3. Personal health records
In line with the integrated-care approach, managed care-entities are introducing electronic health records for members. Billions of claims data are translated into easily accessible records that provide your doctor with an overview of your previous consultations, hospital admissions, blood and other diagnostic test results, and medicines.
"By centralising a patient's health records in a system that is accessible to every stakeholder, the FP has valuable information about in-hospital treatment, enabling them to co-ordinate follow-up care and reduce the risk of readmission," Yatt says.
A STORY ABOUT HOW MANAGED CARE WORKS
Mrs Lawrence is 57 years old and was diagnosed with type-two diabetes at the age of 32, and subsequently hypertension and hyperlipidaemia (high cholesterol). Her cholesterol and blood pressure were under control, but her diabetes was not, because she lacked insight into diabetes as a chronic condition. Her glucose test before intervention revealed a blood-sugar level of 11.5 millimoles (a normal blood sugar range for a diabetes sufferer is four to seven millimoles).

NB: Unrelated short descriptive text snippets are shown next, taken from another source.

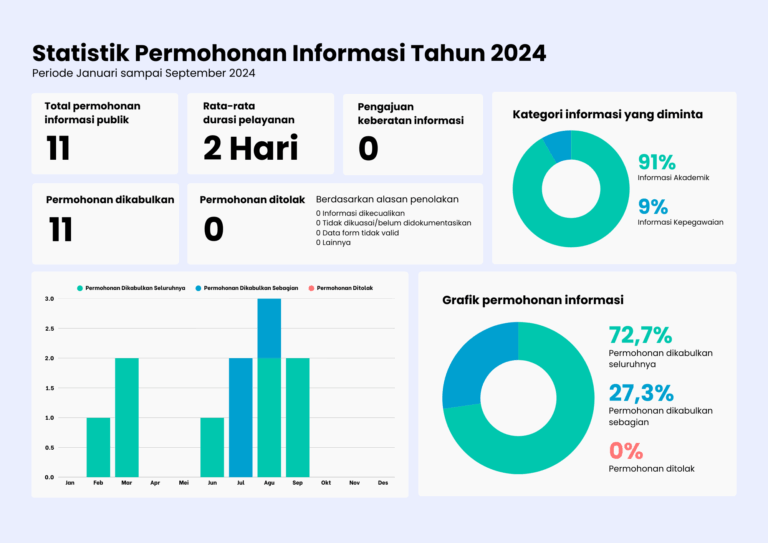 Statistik Permohonan Informasi Tahun 2024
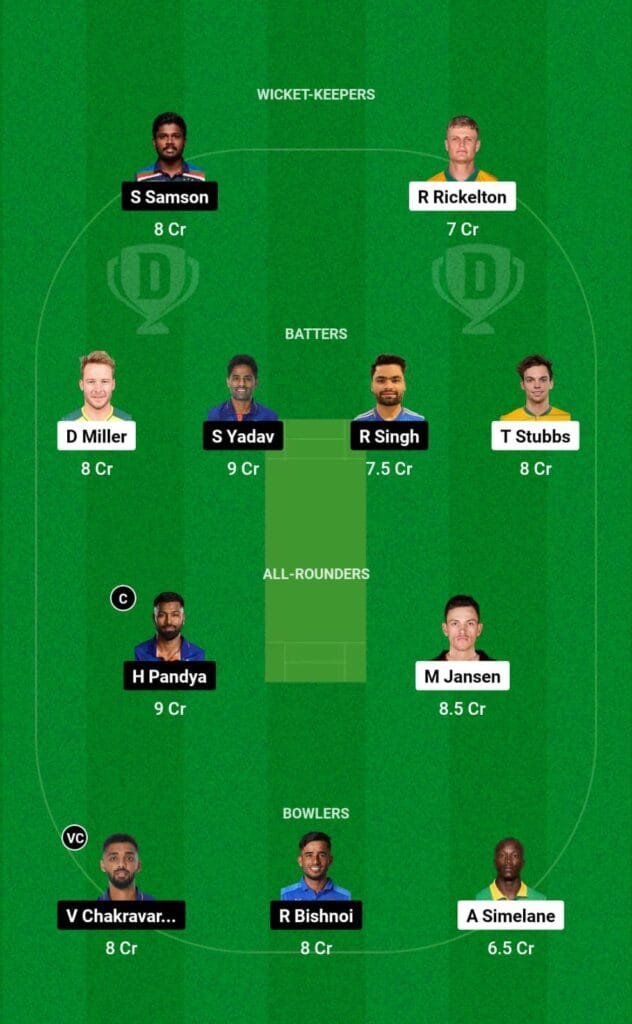 SA vs IND Dream11 Prediction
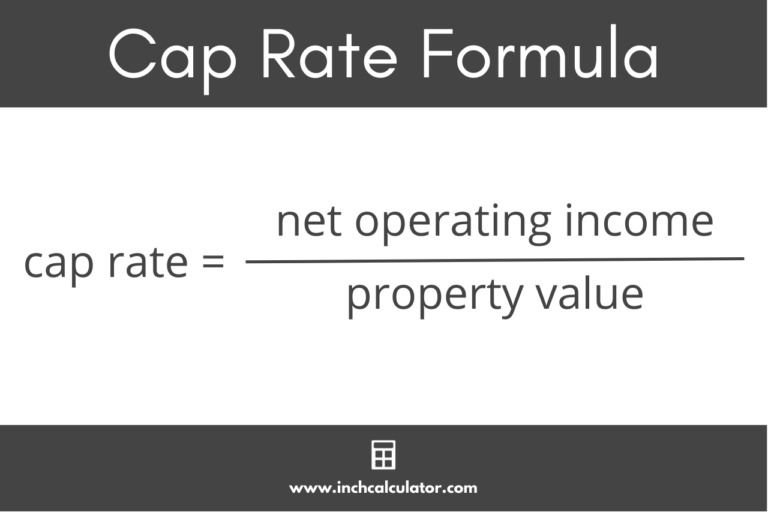 Cap Rate Calculator Inch Calculator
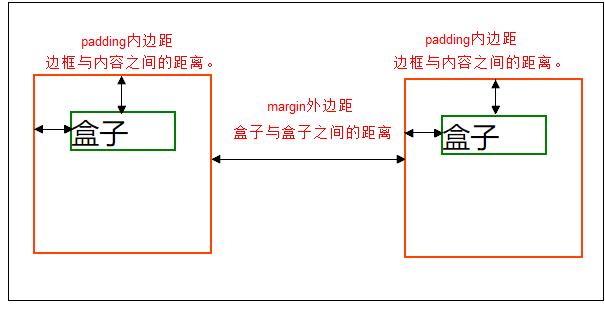 18margin外边距.png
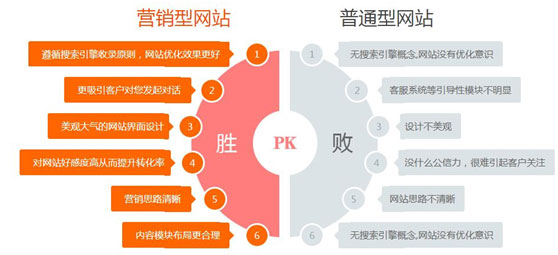 營銷型網站和普通網站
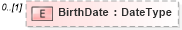 XSD Diagram of BirthDate in schema components_xsd (HR-XML - Human Resources XML)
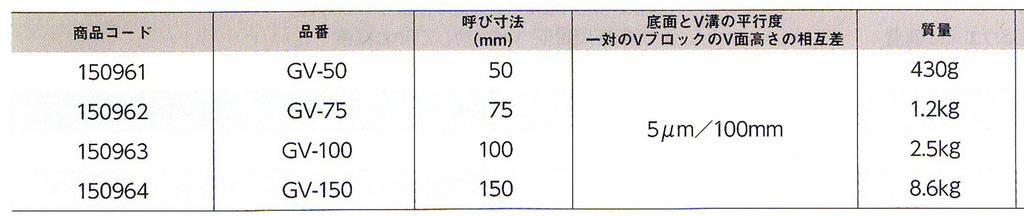Niigata Seiki SK Precision V Block Stone 75mm GV-75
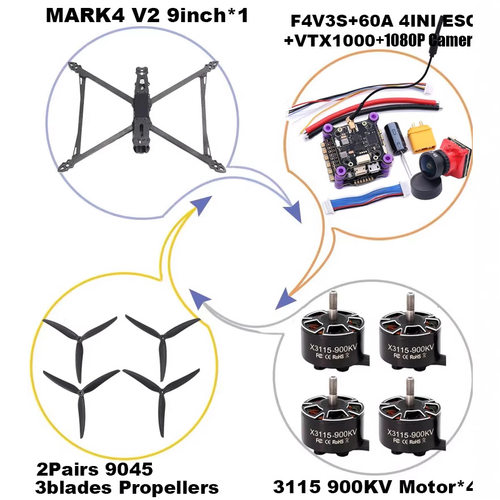 博立方MARK4V29英寸F3S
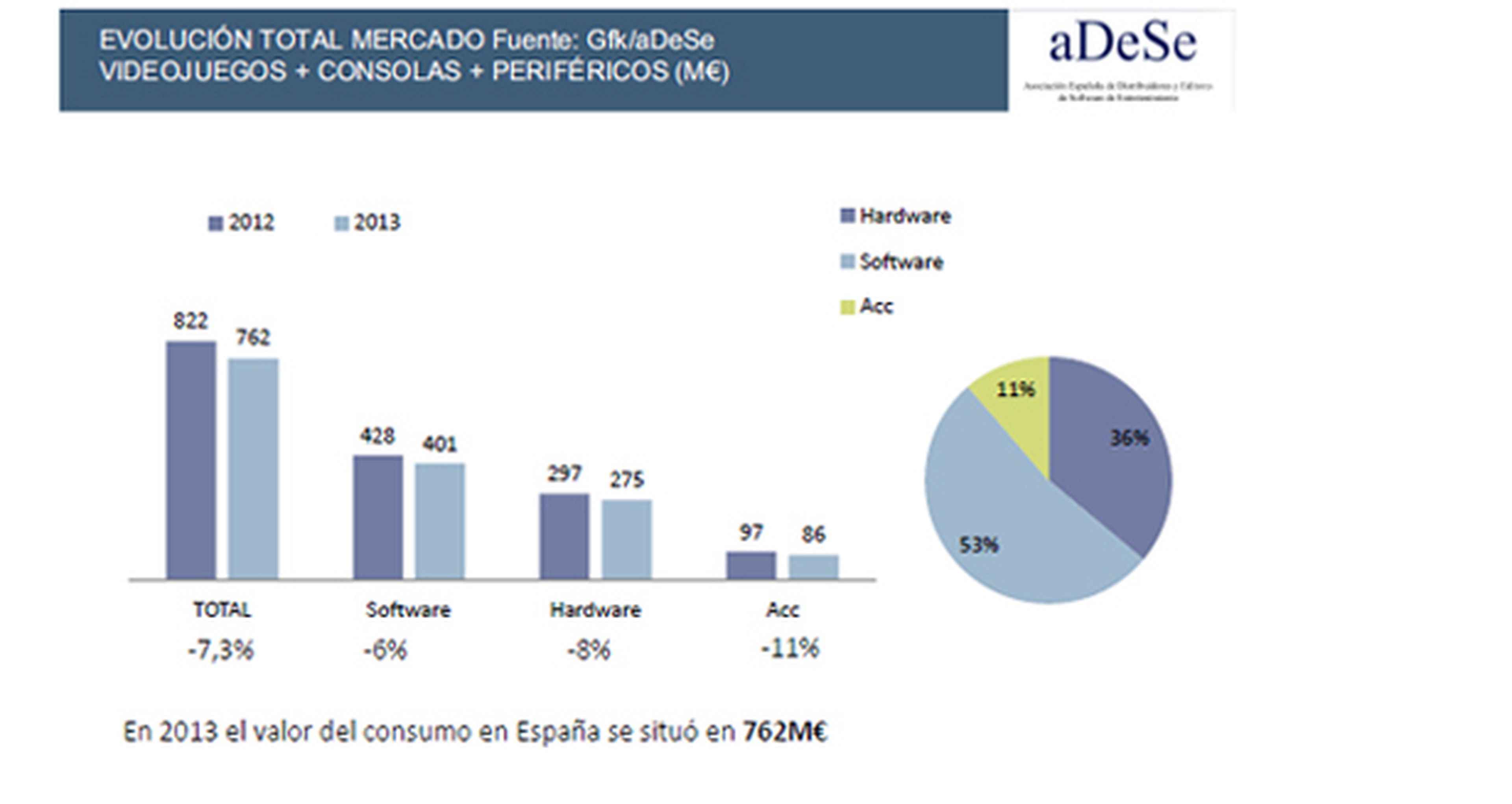 Datos del consumo de videojuegos en España en 2013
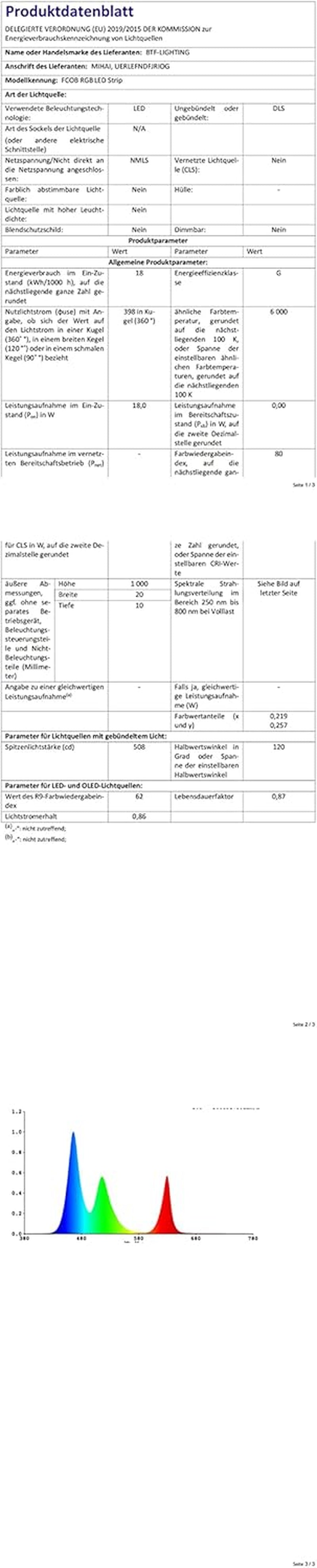 BTF-LIGHTING FCOB COB RGB WS2811 IC Adressierbares Led-Streifen DC24V 5M 864Leds/M 26W/M 12Mm Weiß PCB Chasing Farbe Flexibel Hohe Dichte Led-Band IP30 Nicht Wasserdicht (Nur Streifen)
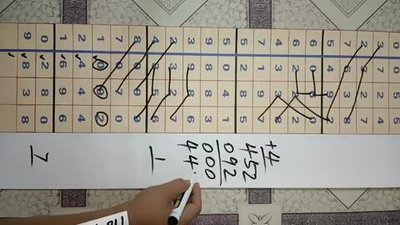  3D藏机图正版藏图解析：金牌讲师实战破译走势图玄机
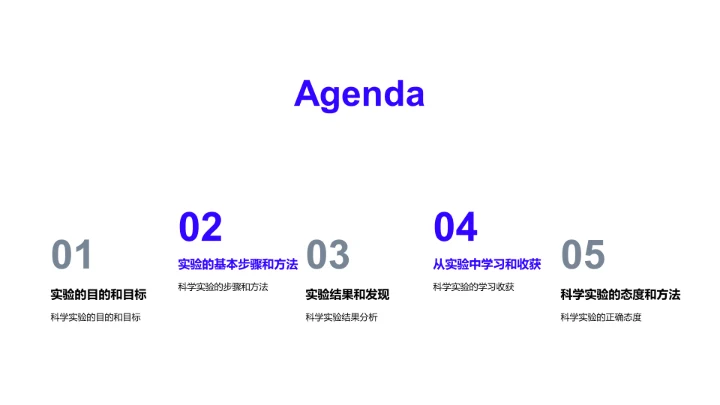 科学实验步骤与结果PPT模板
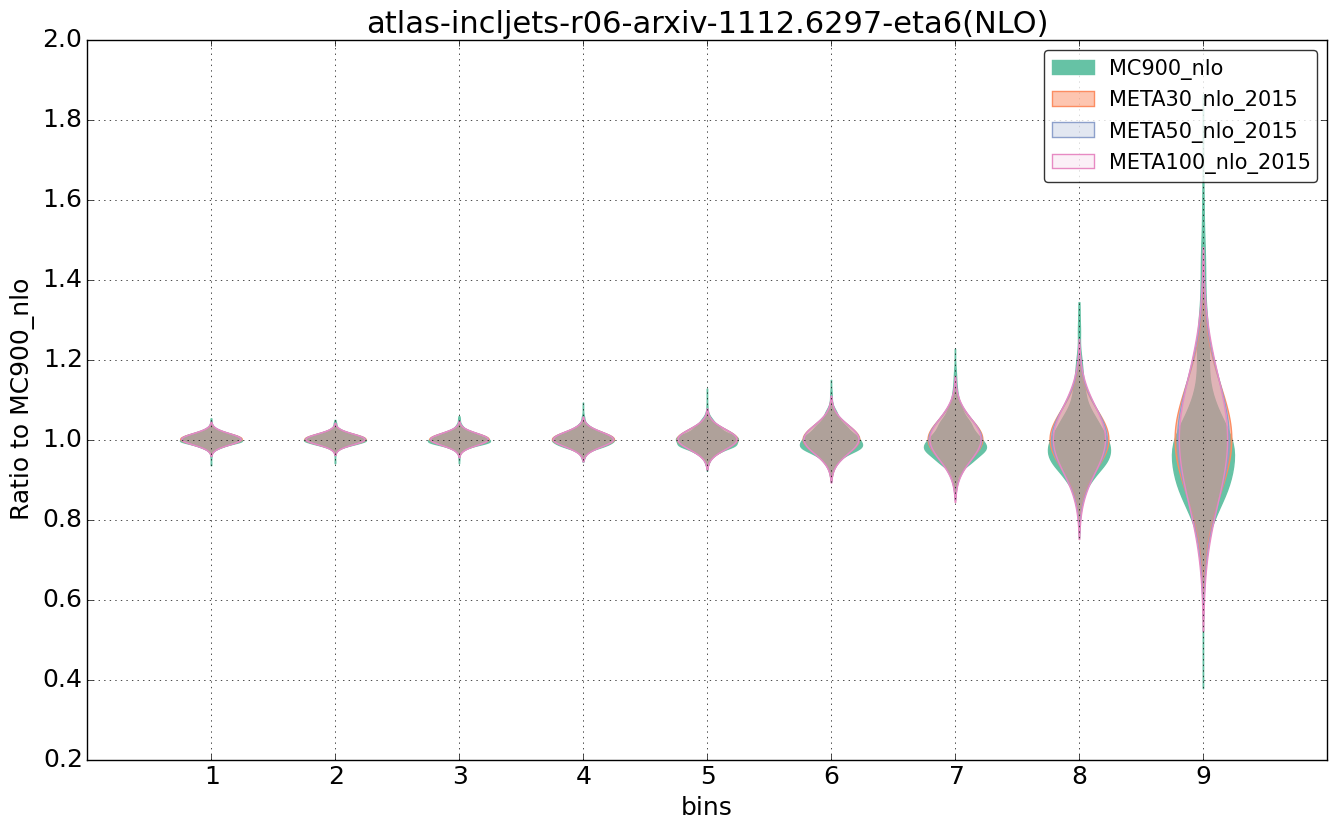 figure plots/pheno_meta_nlo/violinplot_atlas-incljets-r06-arxiv-11126297-eta6(NLO).png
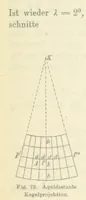 An illustration from Leitfaden der Kartenentwurfslehre ... Mit Figuren im Text und einer lithographischen Tafel (1884)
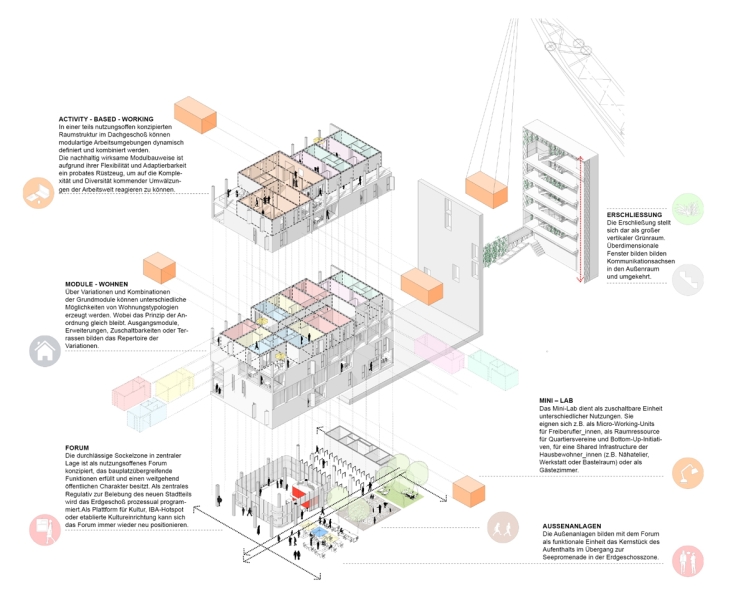 Forum am Seebogen Apartments | heri&salli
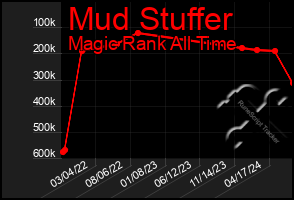 Total Graph of Mud Stuffer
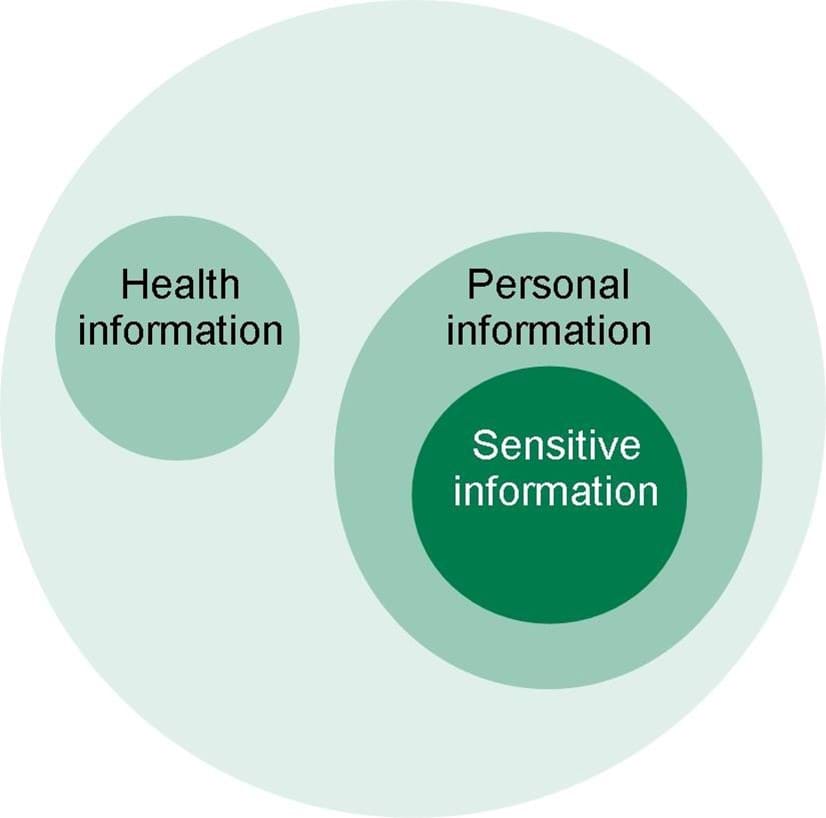 Figure illustrating the different information types in the Department of Health privacy policy. A large circle contains three circles, representing each information type. On the left, one small circle represents health information. On the right, a medium circle represents personal information, with a smaller circle inside representing sensitive information.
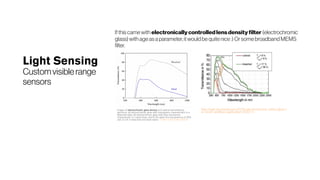 Light Sensing
Customvisiblerange
sensors
Ifthis camewith electronically controlledlensdensity filter (electrochromic
glass) with ageas aparameter, it would bequitenice :) Or somebroadband MEMS
filter.
Images of electrochromic glass devices and optical transmittance
spectrum: (a) electrochromic glass with transparent characteristics in a
bleached state, (b) electrochromic glass with blue translucent
characteristic in a dyed state, and (c) the glass has transparency of 82%
and 21.1% in bleached and dyed states. - Chien Chon Chen (2013)
http://spie.org/newsroom/0196-electrochromic-safety-glass-f
or-smart-window-applications?SSO=1
 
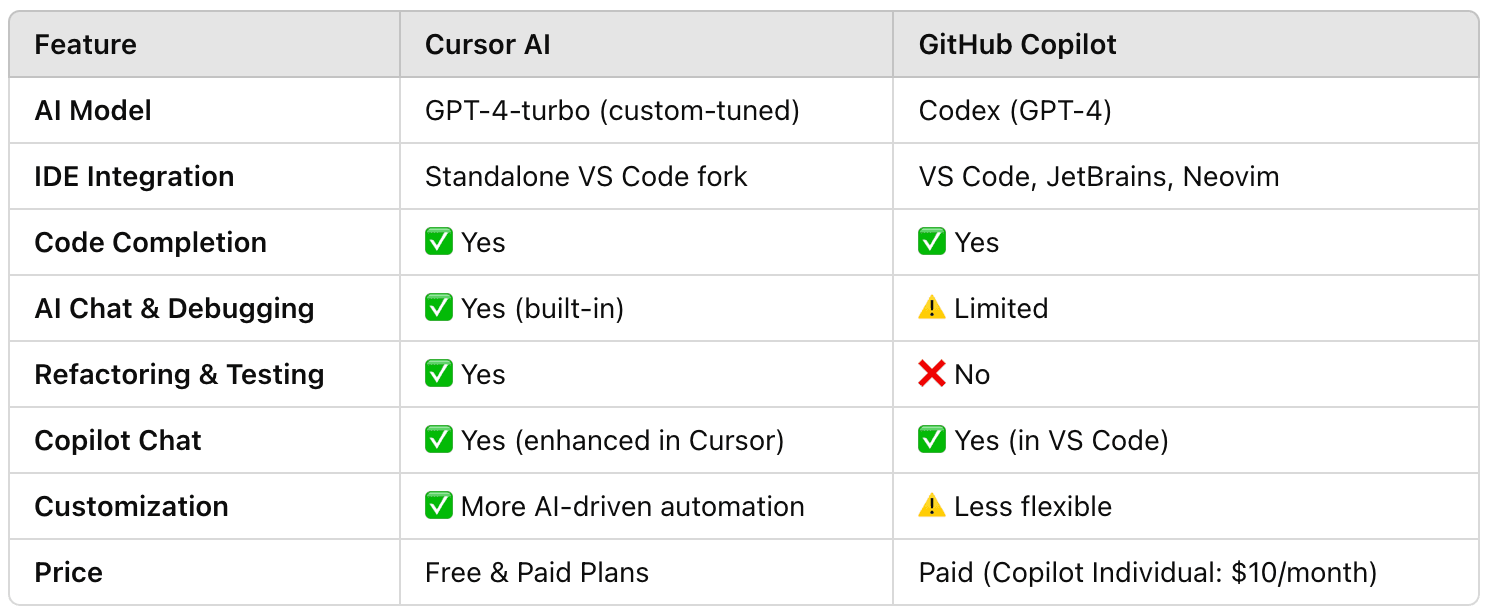 Key Differences: Cursor AI vs. Copilot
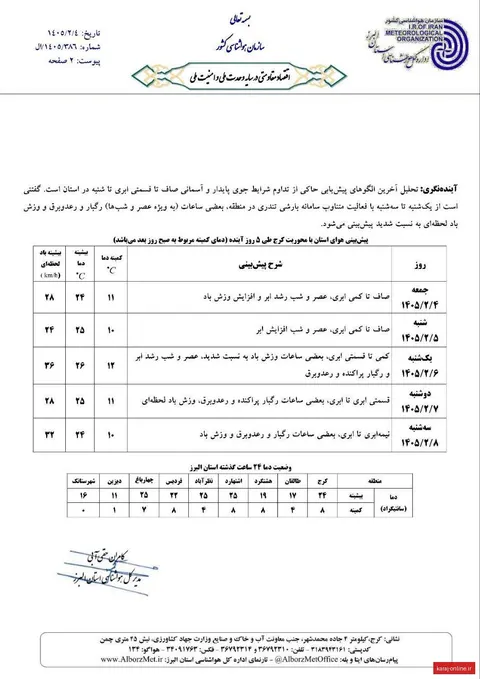 پیش‌بینی پنج‌روزه هواشناسی البرز؛ از آسمان صاف تا افزایش ابر و وزش باد در روزهای آینده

During the interview with the care coach, Mrs Lawrence disclosed that she believed she had only to avoid sweet foods such as chocolates or biscuits. The care coach referred Mrs Lawrence to a dietician, advised her of the importance of exercise and physical activity, and provided her with a glucometer and arranged for her to be taught how to use it.
After two weeks, Mrs Lawrence had consulted the dietician and embarked on a healthier diet for her and her family. She had also joined a gym and was regularly doing 35 to 40 minutes of cardiovascular training. She managed to reduce her glucose level to between 4.5 and seven millimoles.